DEMOCRAZY.ID – Angin perombakan kabinet kembali berhembus kencang dari Istana.

Memasuki awal 2026, evaluasi terhadap kinerja para pembantu Presiden Prabowo Subianto disebut-sebut mulai memasuki fase krusial.

Isu reshuffle kabinet pun menguat, bukan lagi sekadar rumor politik musiman.

Sorotan publik tertuju pada sejumlah kementerian yang memegang program strategis dan langsung bersentuhan dengan rakyat.

Kinerja yang dinilai belum optimal membuat beberapa pos menteri disebut berada di “zona merah” dan berpotensi diganti dalam waktu dekat.

Sinyal Kuat Evaluasi Kinerja Pemerintahan

Direktur Eksekutif Trias Politika Strategis, Agung Baskoro, menilai reshuffle kabinet merupakan langkah wajar dalam dinamika pemerintahan, terutama jika terdapat kementerian yang belum maksimal menjalankan mandat politik presiden.

Menurut Agung, perombakan kabinet berpotensi menyasar kementerian yang dinilai belum optimal dalam menjalankan program prioritas pemerintah.

Evaluasi ini, kata dia, tidak lepas dari tekanan publik serta tuntutan capaian nyata di lapangan.

Deretan Pos yang Rawan Reshufle

Berdasarkan analisis pengamat, setidaknya terdapat tiga klaster utama kementerian yang paling disorot dan disebut berisiko tinggi terkena reshuffle awal 2026.

Kementerian yang mengelola program-program langsung menyentuh masyarakat menjadi sorotan utama. Kualitas dan realisasi program menjadi penentu nasib kursi menteri.

“Menteri-Menteri yang menangani program-program populis, seperti MBG, Koperasi Desa Kelurahan Merah Putih, Cek Kesehatan Gratis, dan lainnya rentan di reshuffle bila target kualitas program tak terpenuhi,” ujar Agung saat dikonfirmasi, Sabtu (24/1/2026).

Selain itu, tekanan ekonomi menjadi perhatian serius pemerintah.

Daya beli masyarakat, penciptaan lapangan kerja, hingga stabilitas harga bahan pokok menjadi indikator utama kinerja menteri ekonomi.

“Kementerian di bidang ekonomi. Dalam situasi yang menuntut penguatan daya beli, penciptaan dan perluasan lapangan kerja, serta stabilitas harga bahan pokok, sektor ekonomi menjadi perhatian utama publik dan pemerintah,” jelasnya.

Menteri dari kalangan profesional juga tak luput dari evaluasi. Kinerja yang dinilai biasa saja atau tidak maksimal disebut berpotensi memicu perombakan.

“Menteri-menteri yang berasal dari profesional dan kinerja biasa atau malah tak maksimal juga beresiko diganti,” jelas Agung.

Faktor Politik vs Profesional, Siapa yang Lebih Aman?

Selain faktor kinerja, pertimbangan politik juga ikut menentukan arah reshuffle.
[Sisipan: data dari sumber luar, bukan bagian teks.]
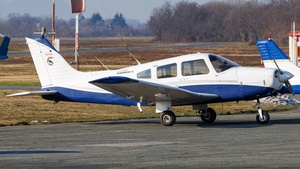 Photo of I-CNPG - Piper PA-28-161 Warrior II operated by Aero Club Torino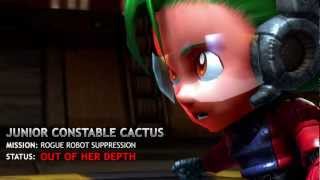 Clip of Assault Android Cactus
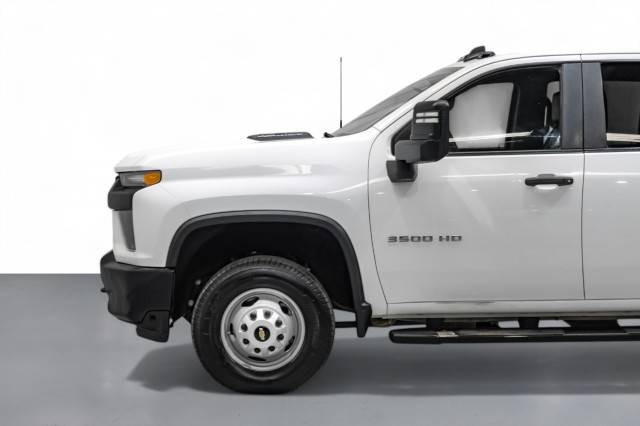 2021 Chevrolet Silverado 3500HD CC Work Truck 10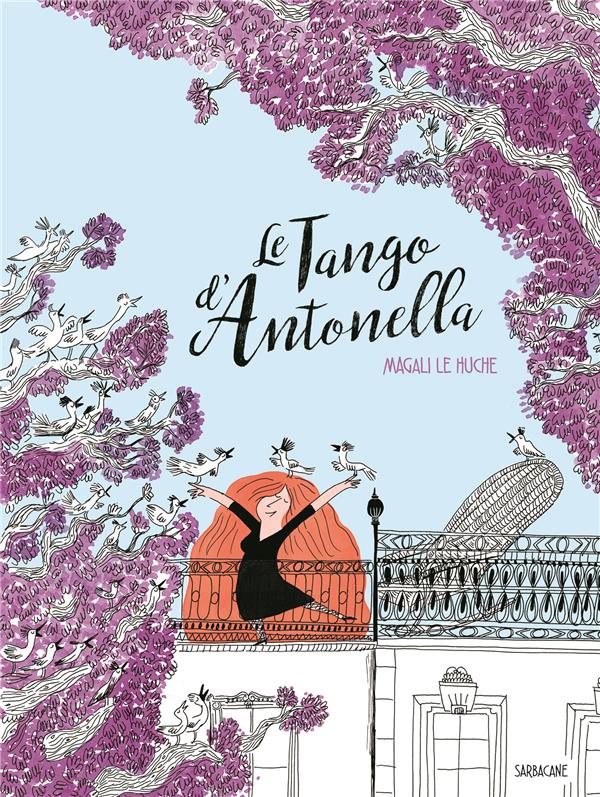 TANGO D'ANTONELLA (LE)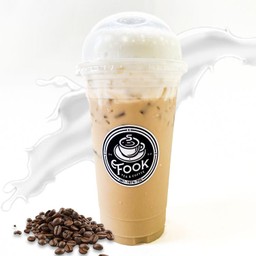 คาปูชิโน่เย็น - Iced Cappuccio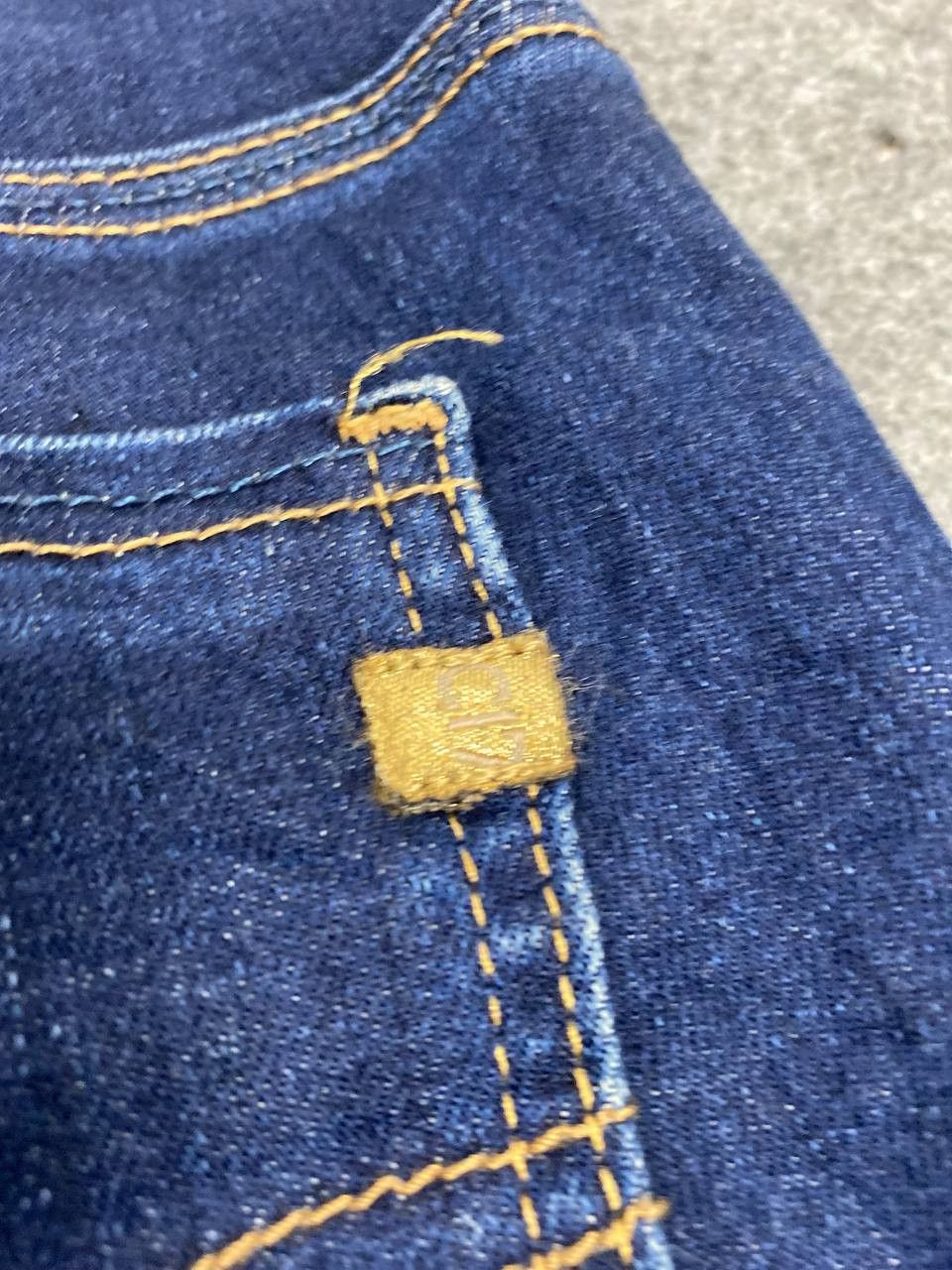 Japanese Brand c-17 japanese brand bootcut flare distressed denim Size 32" / US 10 / IT 46 - 4 Thumbnail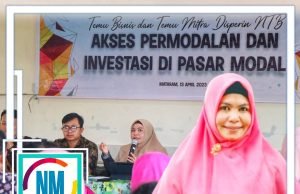 Disperin Gandeng IJK Maksimalkan Tiga Ikon Industri NTB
Agung menilai menteri dari partai politik relatif lebih aman, meski tetap berpotensi mengalami reposisi.

“Menteri-menteri dari partai mungkin terkena reshuffle terbatas alias reposisi dari posisi semula tapi tetap di kabinet,” tandasnya.

Artinya, reshuffle kali ini diprediksi lebih menitikberatkan pada evaluasi performa ketimbang kalkulasi politik semata.
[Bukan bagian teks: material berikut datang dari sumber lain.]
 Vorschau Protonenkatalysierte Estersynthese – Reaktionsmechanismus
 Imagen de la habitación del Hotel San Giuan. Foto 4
Presiden Prabowo disebut ingin memastikan program prioritas berjalan sesuai target.

Prediksi Waktu Reshuffle

Sepanjang 2025, Presiden Prabowo Subianto tercatat telah melakukan empat kali reshuffle kabinet.

Pola ini memperkuat dugaan bahwa perombakan lanjutan bisa kembali terjadi di awal 2026.

Sejumlah pengamat memprediksi reshuffle berpotensi dilakukan pada momen politik tertentu atau hari-hari yang kerap dipilih presiden untuk mengambil keputusan besar.

Jika evaluasi kinerja dinilai mendesak, bukan tak mungkin reshuffle diumumkan dalam waktu dekat.

Satu hal yang pasti, isu reshuffle kabinet 2026 kini bukan lagi sekadar wacana.

Daftar menteri yang diganti mulai menjadi perbincangan serius, seiring menguatnya sinyal evaluasi dari pusat kekuasaan.